**DATASET RECORDS:**

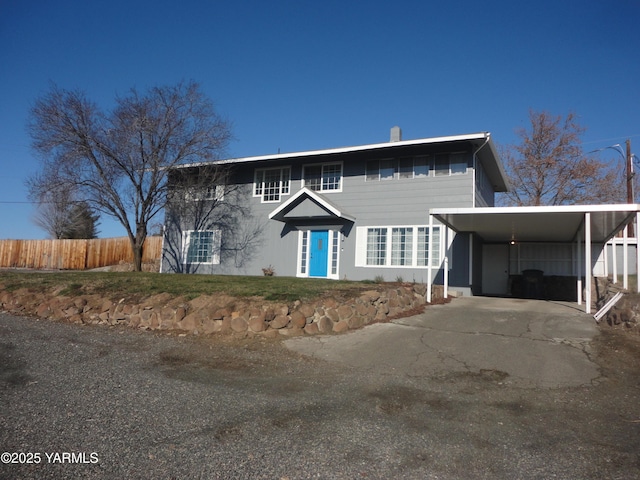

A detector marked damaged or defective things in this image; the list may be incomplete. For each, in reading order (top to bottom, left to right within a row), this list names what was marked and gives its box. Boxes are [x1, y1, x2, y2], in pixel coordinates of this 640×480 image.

cracked pavement [284, 296, 600, 390]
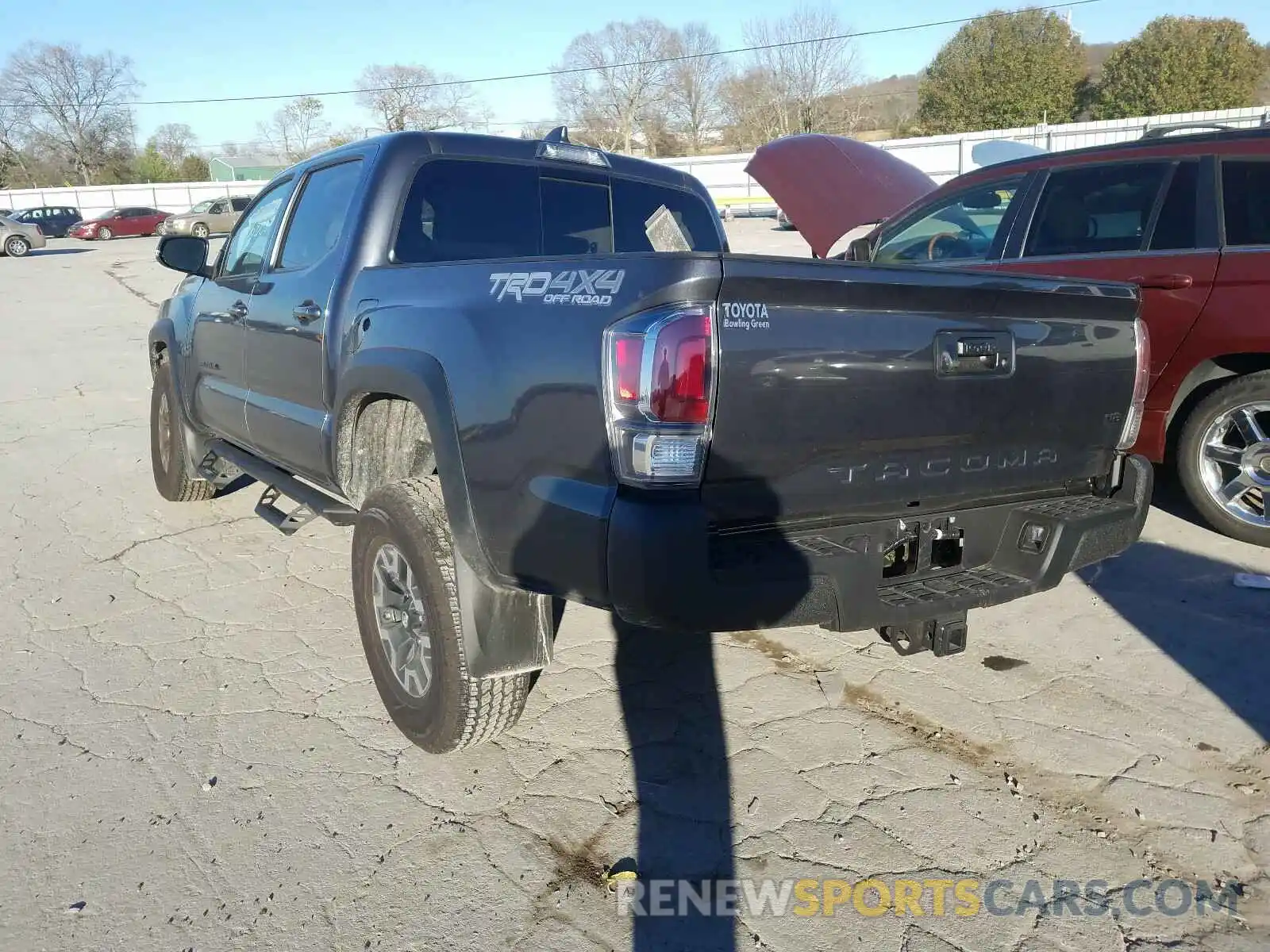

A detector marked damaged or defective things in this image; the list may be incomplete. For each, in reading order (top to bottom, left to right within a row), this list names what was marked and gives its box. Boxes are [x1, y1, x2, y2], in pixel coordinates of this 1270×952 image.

cracked concrete pavement [2, 225, 1270, 952]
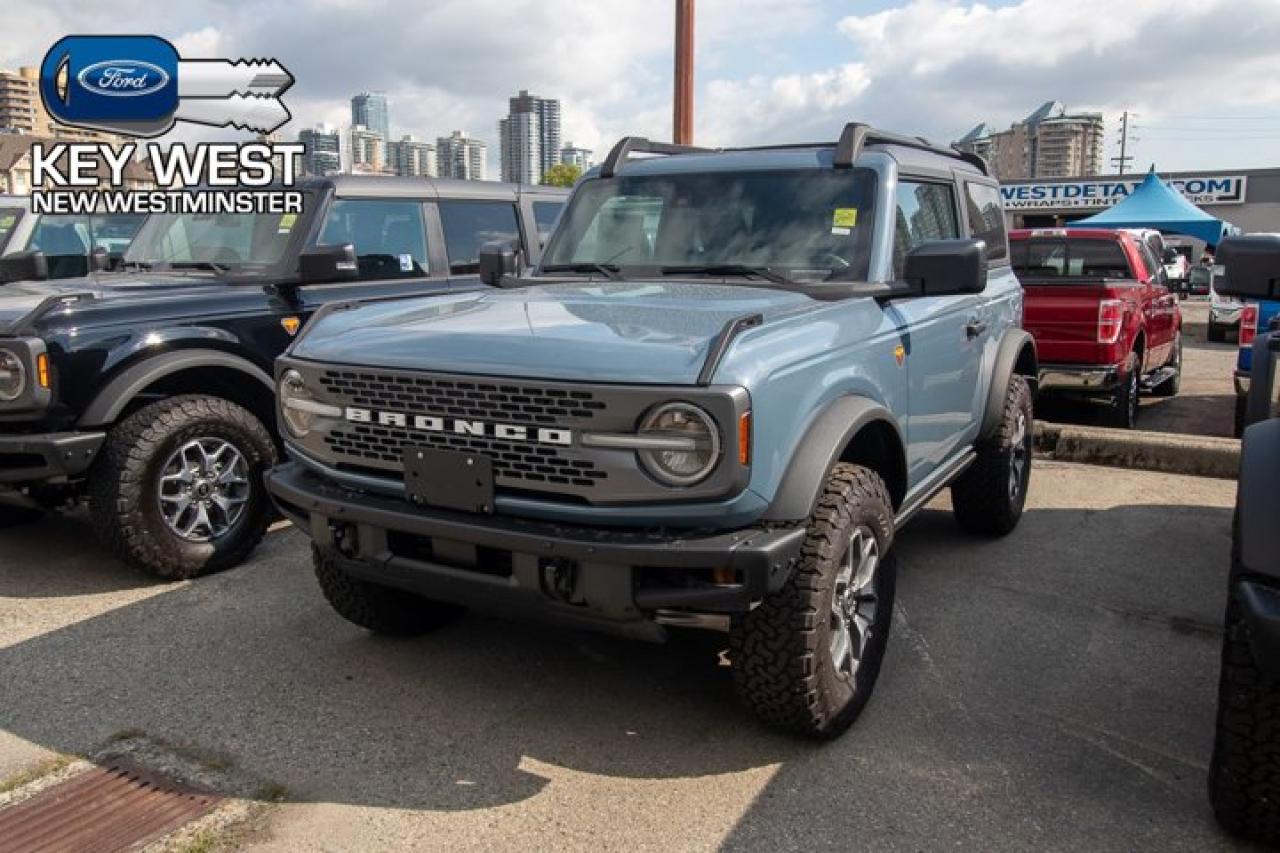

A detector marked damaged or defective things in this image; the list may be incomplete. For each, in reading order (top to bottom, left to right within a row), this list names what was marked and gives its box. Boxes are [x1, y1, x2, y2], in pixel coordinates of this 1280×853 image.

rusty metal pole [675, 0, 696, 143]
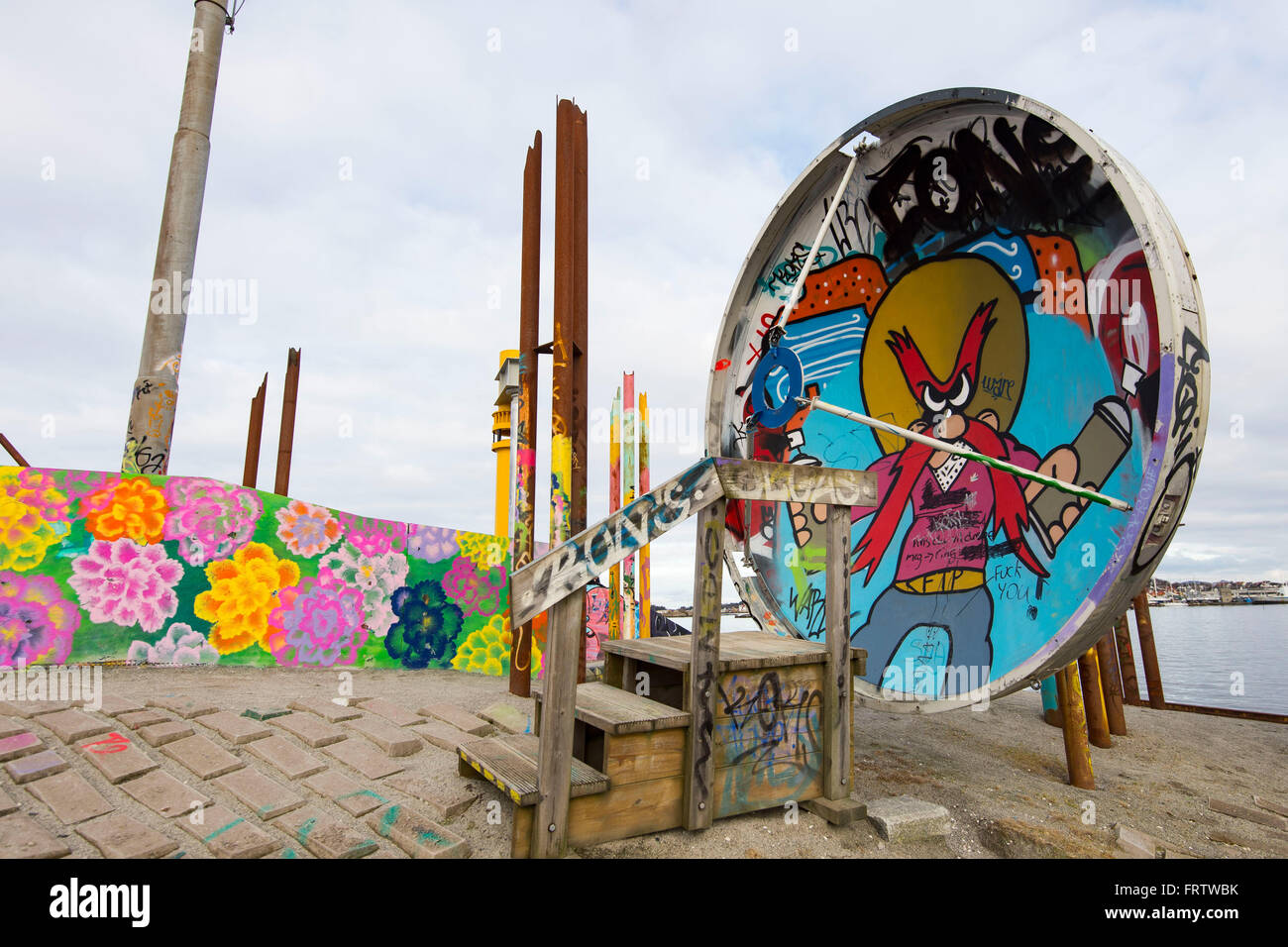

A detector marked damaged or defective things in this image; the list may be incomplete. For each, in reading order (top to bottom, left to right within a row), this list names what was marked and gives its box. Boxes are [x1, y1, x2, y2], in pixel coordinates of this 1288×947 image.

rusty metal pole [122, 0, 231, 474]
rusty metal pole [0, 435, 30, 469]
rusty metal pole [243, 370, 268, 489]
tall rusty steel beam [243, 370, 268, 489]
rusty metal pole [272, 348, 299, 497]
tall rusty steel beam [272, 348, 299, 497]
rusty metal pole [504, 131, 541, 695]
tall rusty steel beam [507, 133, 538, 695]
rusty metal pole [574, 101, 592, 680]
rusty metal pole [1056, 665, 1097, 789]
rusty metal pole [1076, 649, 1118, 752]
rusty metal pole [1097, 633, 1127, 736]
rusty metal pole [1113, 615, 1143, 705]
rusty metal pole [1127, 594, 1169, 705]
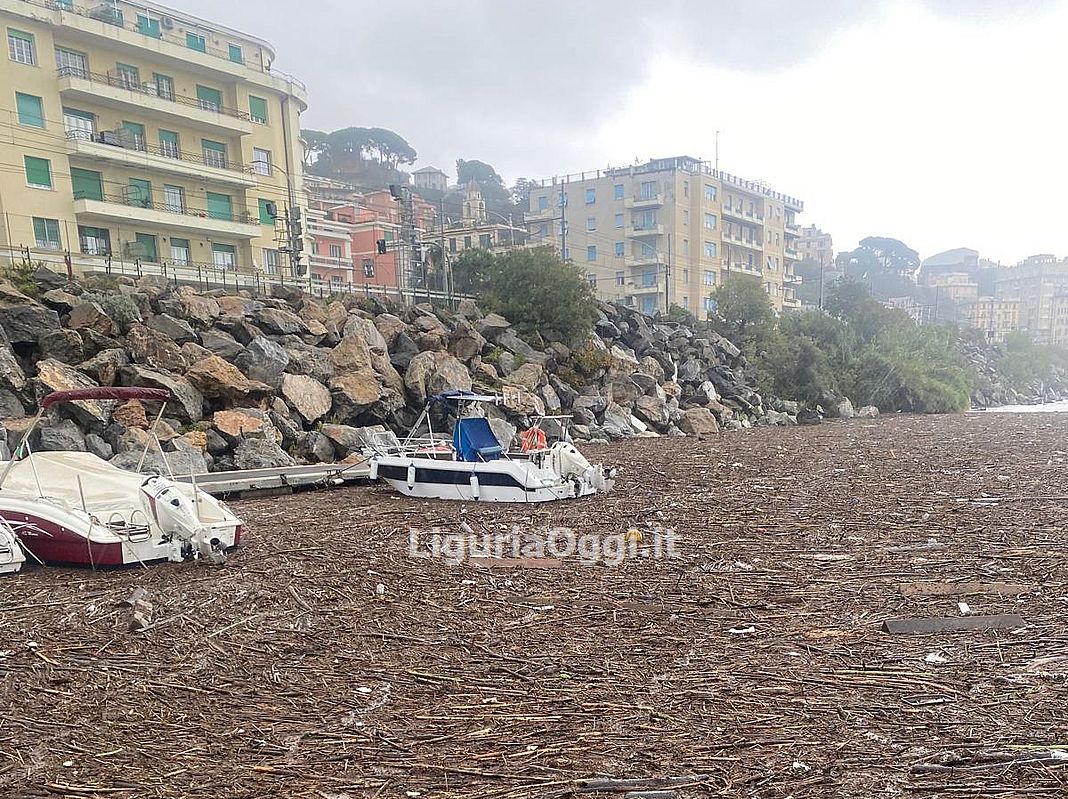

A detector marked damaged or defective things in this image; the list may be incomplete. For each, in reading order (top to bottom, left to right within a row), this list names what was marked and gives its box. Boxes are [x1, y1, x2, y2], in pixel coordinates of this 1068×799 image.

damaged catamaran [0, 388, 243, 568]
damaged catamaran [370, 390, 616, 504]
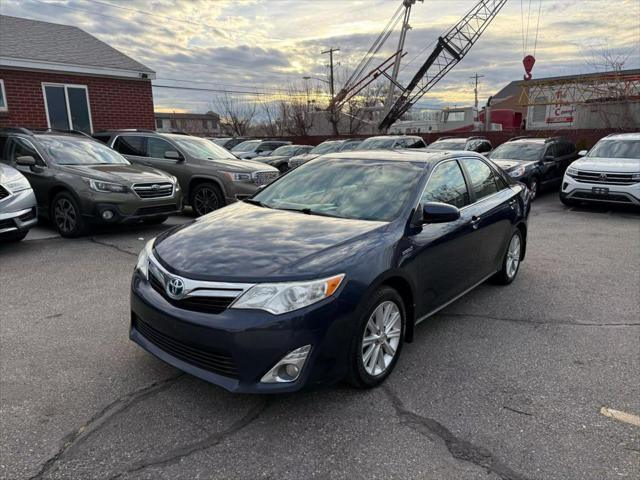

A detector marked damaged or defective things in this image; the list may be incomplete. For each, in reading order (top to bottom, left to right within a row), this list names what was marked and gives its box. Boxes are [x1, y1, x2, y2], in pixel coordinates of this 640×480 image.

**DIRECTIONS:**
Make an exact copy of the records, pictures excluded.

**EXERCISE SOLUTION:**
A detector marked damaged or defective things in this image; the list may be incomplete. For each, in reading order (top to bottom, left to right within a row), this list names what was marked and gives its box. Boxes are [x1, y1, x2, y2], in pixel coordinates of this 640×480 image.

cracked pavement [284, 296, 600, 390]

A detector marked damaged or defective things in this image; the list may be incomplete. For each, in reading order (top to bottom, left to right within a row), this list names what was marked and gives its box. Boxes are [x1, y1, x2, y2], in pixel coordinates of this 1270×952 image.

cracked concrete pavement [2, 225, 1270, 952]

A detector marked damaged or defective things in this image; the list may be incomplete. For each, in reading order (top to bottom, left to right within a row), this list names what was marked and gives its box. Boxes are [x1, y1, x2, y2], in pixel coordinates of this 1280×853 image.

rusty metal pole [675, 0, 696, 143]

A detector marked damaged or defective things in this image; the list may be incomplete. For each, in reading order (top to bottom, left to right within a row), this list names what was marked and gives its box. Boxes are [x1, y1, x2, y2], in pixel coordinates of this 1288×947 image.

rusty metal pole [122, 0, 231, 474]
rusty metal pole [0, 435, 30, 469]
rusty metal pole [243, 370, 268, 489]
tall rusty steel beam [243, 370, 268, 489]
rusty metal pole [272, 348, 299, 497]
tall rusty steel beam [272, 348, 299, 497]
rusty metal pole [504, 131, 541, 695]
tall rusty steel beam [507, 133, 538, 695]
rusty metal pole [574, 101, 592, 680]
rusty metal pole [1056, 665, 1097, 789]
rusty metal pole [1076, 649, 1118, 752]
rusty metal pole [1097, 633, 1127, 736]
rusty metal pole [1113, 615, 1143, 705]
rusty metal pole [1127, 594, 1169, 705]

A detector marked damaged or defective things in this image; the list may be incomplete. For each, in reading order (top to bottom, left to right within a row), this list names what was marked and gives its box. Boxes are [x1, y1, x2, y2], in pixel coordinates of this 1068×799 image.

damaged catamaran [0, 388, 243, 568]
damaged catamaran [370, 390, 616, 504]

A detector marked damaged or defective things in this image; the list may be incomplete. For each, in reading order (top to bottom, left to right within a row), this list names what was marked and gives its box. Boxes are [x1, y1, x2, y2], in pixel coordinates of this 640×480 image.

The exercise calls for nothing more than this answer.